Copy the data exactly, pictures aside.

Extracted information
- - - - - - -
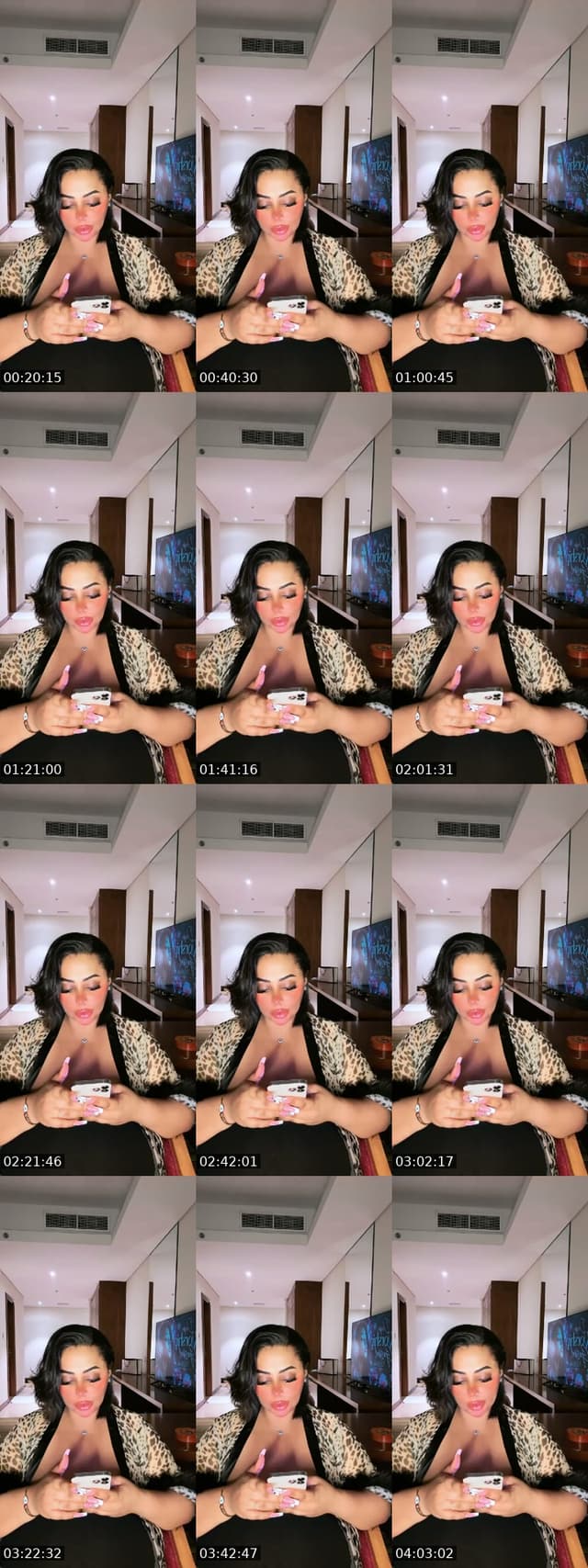 @tigrawyt3 TikTok live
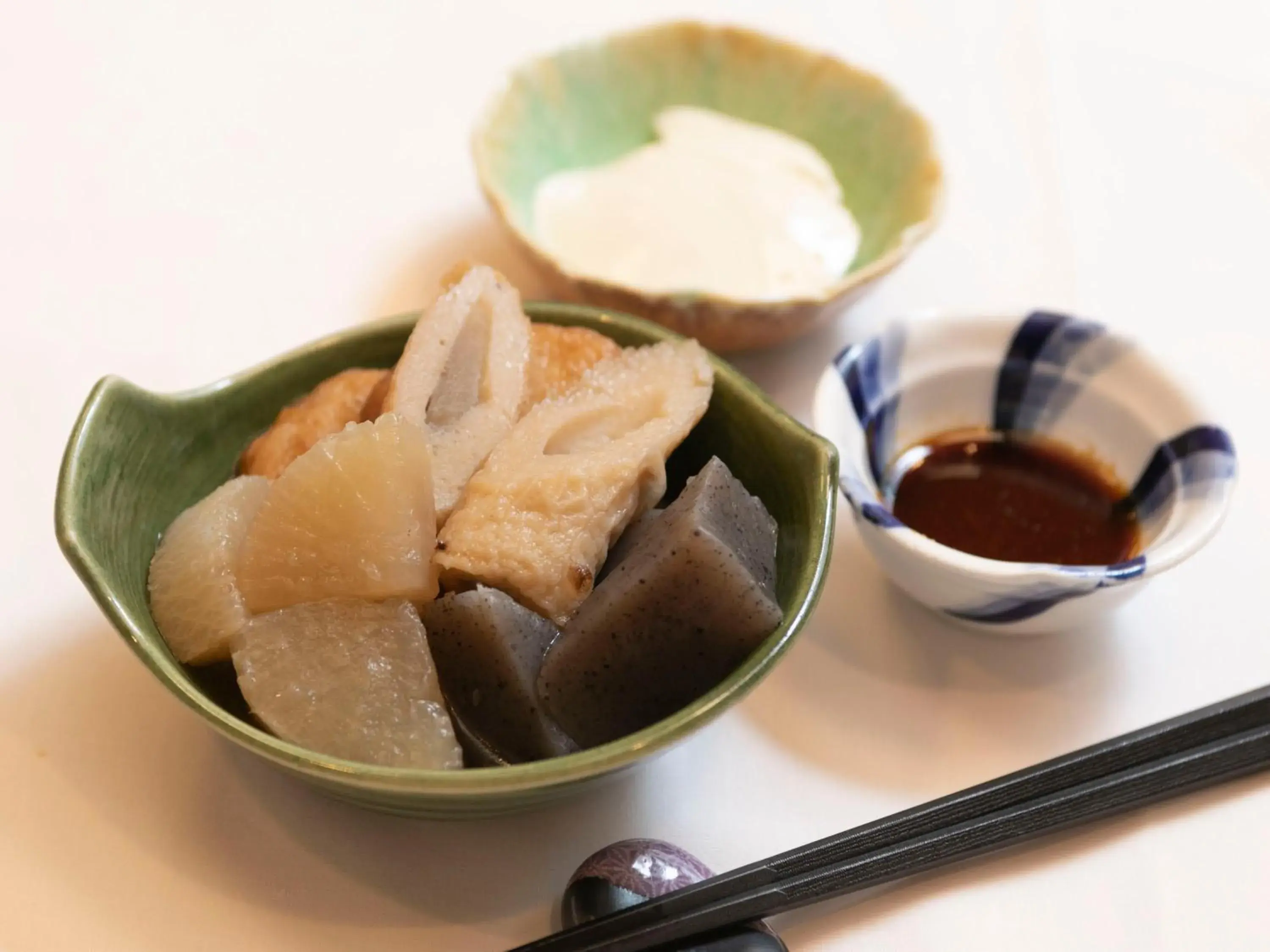 Buffet breakfast in APA Hotel Himeji Ekikita Buffet breakfast in APA Hotel Himeji Ekikita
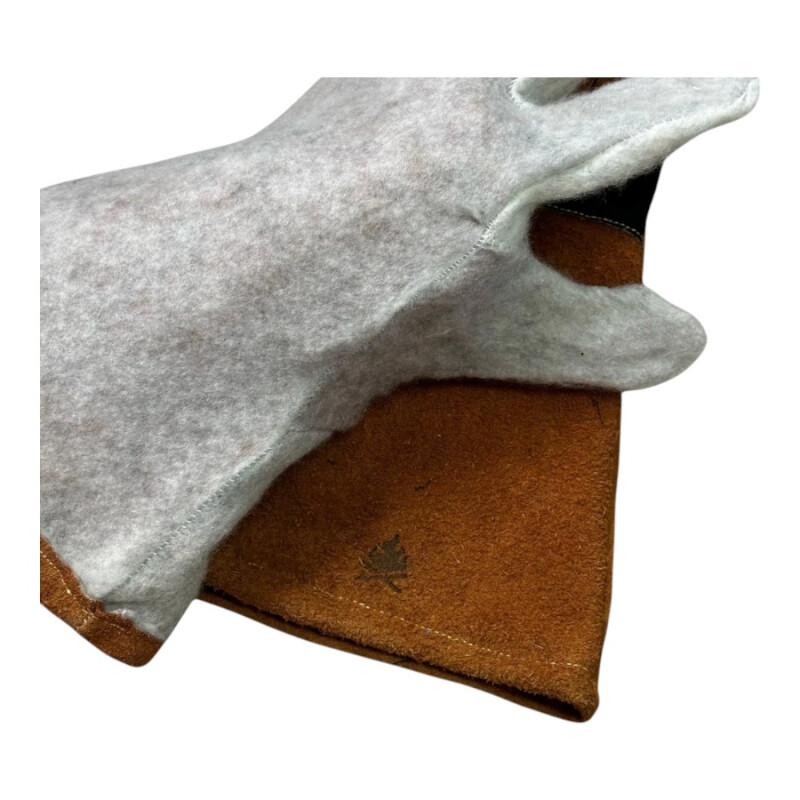 Guantes Alta Temperatura Asaparri Guantes Alta Temperatura Asaparri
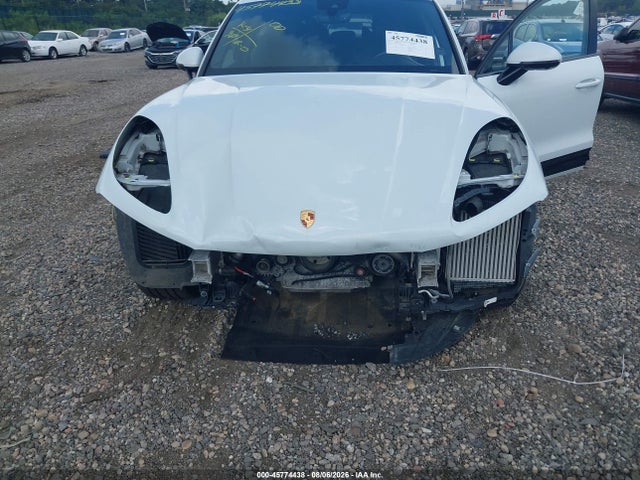 WP1AF2A5XRLB55156 Porsche Macan Gts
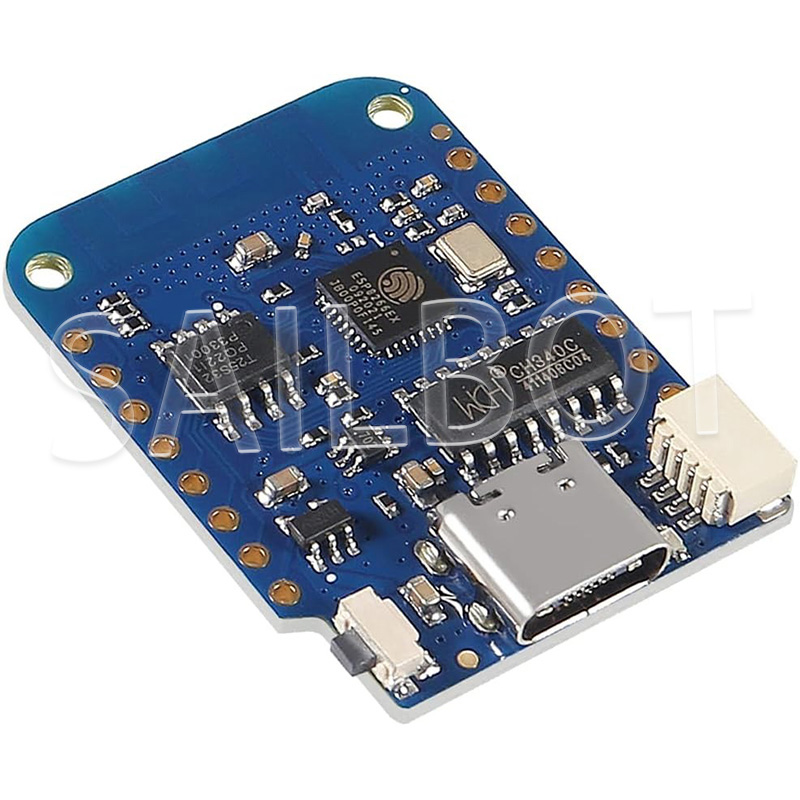 1-10PCS WeMos D1 Mini ESP8266  - Wemos D1 评论和价格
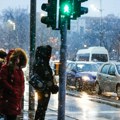 U ova tri dela Srbije tokom večeri stiže sneg, RHMZ upozorio: Zemlja na udaru jakog vetra i ledene kiše! Upaljen i…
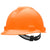 High Vis Orange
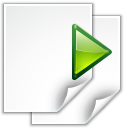 previous icon
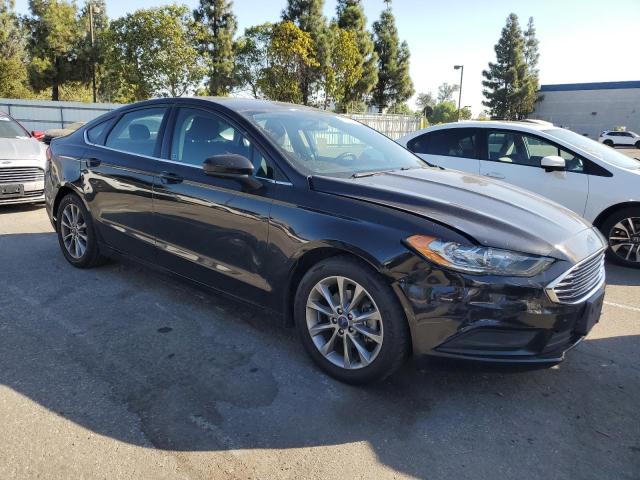 Photo 4 from auction – 2017 FORD FUSION SE with VIN 3FA6P0H77HR408018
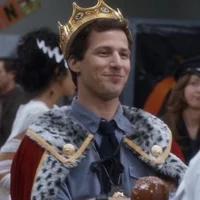 Jake Peralta 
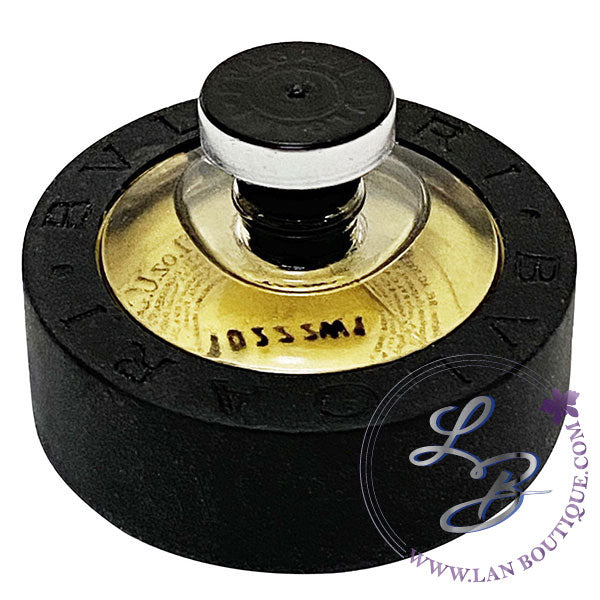 Black by Bvlgari - mini 5ml / 0.17fl.oz. Eau De Toilette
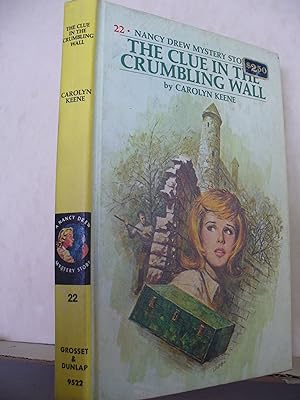 The Clue in the Crumbling Wall (Nancy Drew No. 22)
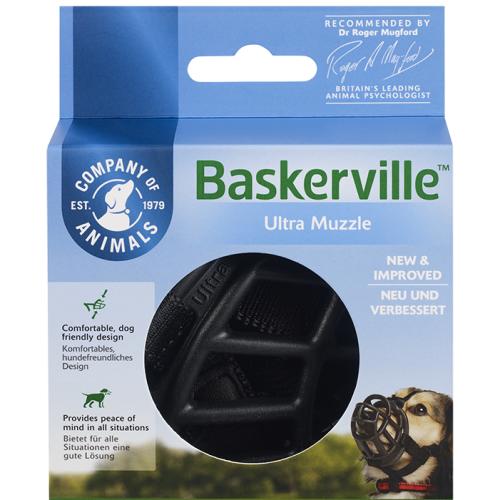 Baskerville Ultra Dog Muzzle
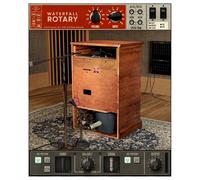 Universal Audio Waterfall Rotary Speaker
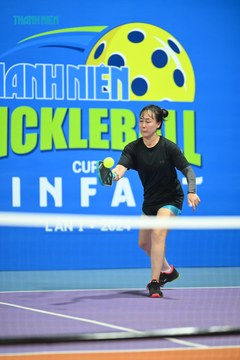 THANH NIÊN PICKLEBALL CUP VINFAST 2024 - Ảnh #2277120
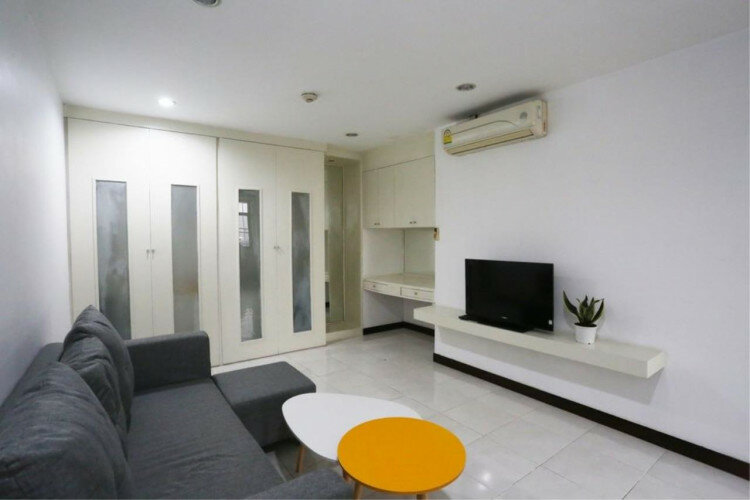 Кондоминиум в Бангкоке, Таиланд | THE442511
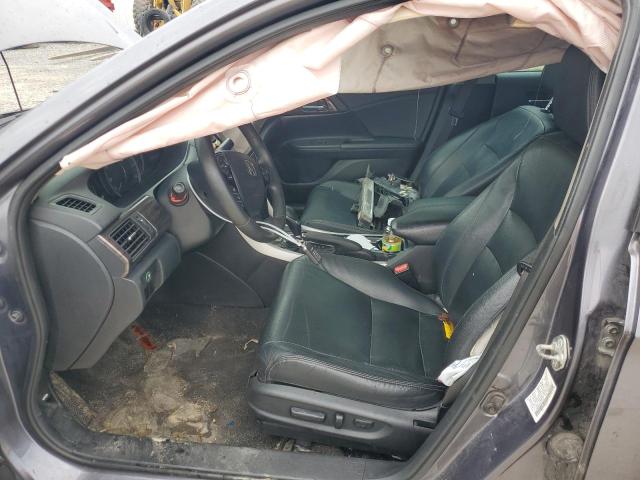 Photo 6 VIN: 1HGCR2F84GA047517 - HONDA ACCORD EXL 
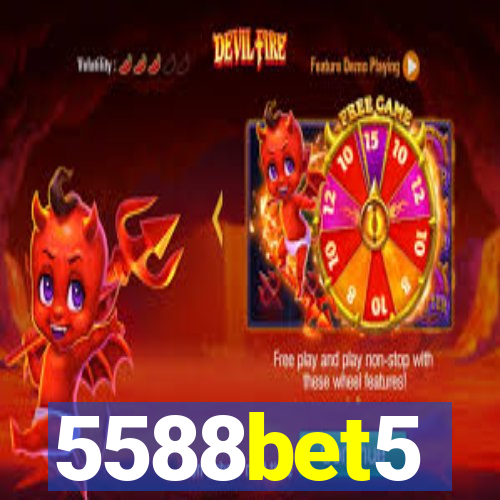 5588bet5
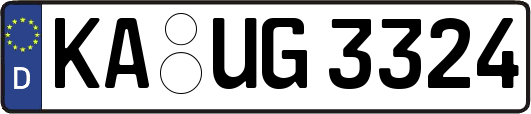 KA-UG3324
- - - - - - -
Answer box
 @tigrawyt3 TikTok live
 Buffet breakfast in APA Hotel Himeji Ekikita Buffet breakfast in APA Hotel Himeji Ekikita
 Guantes Alta Temperatura Asaparri Guantes Alta Temperatura Asaparri
 WP1AF2A5XRLB55156 Porsche Macan Gts
 1-10PCS WeMos D1 Mini ESP8266  - Wemos D1 评论和价格
 U ova tri dela Srbije tokom večeri stiže sneg, RHMZ upozorio: Zemlja na udaru jakog vetra i ledene kiše! Upaljen i…
 High Vis Orange
 previous icon
 Photo 4 from auction – 2017 FORD FUSION SE with VIN 3FA6P0H77HR408018
 Jake Peralta 
 Black by Bvlgari - mini 5ml / 0.17fl.oz. Eau De Toilette
 The Clue in the Crumbling Wall (Nancy Drew No. 22)
 Baskerville Ultra Dog Muzzle
 Universal Audio Waterfall Rotary Speaker
 THANH NIÊN PICKLEBALL CUP VINFAST 2024 - Ảnh #2277120
 Кондоминиум в Бангкоке, Таиланд | THE442511
 Photo 6 VIN: 1HGCR2F84GA047517 - HONDA ACCORD EXL 
 5588bet5
 KA-UG3324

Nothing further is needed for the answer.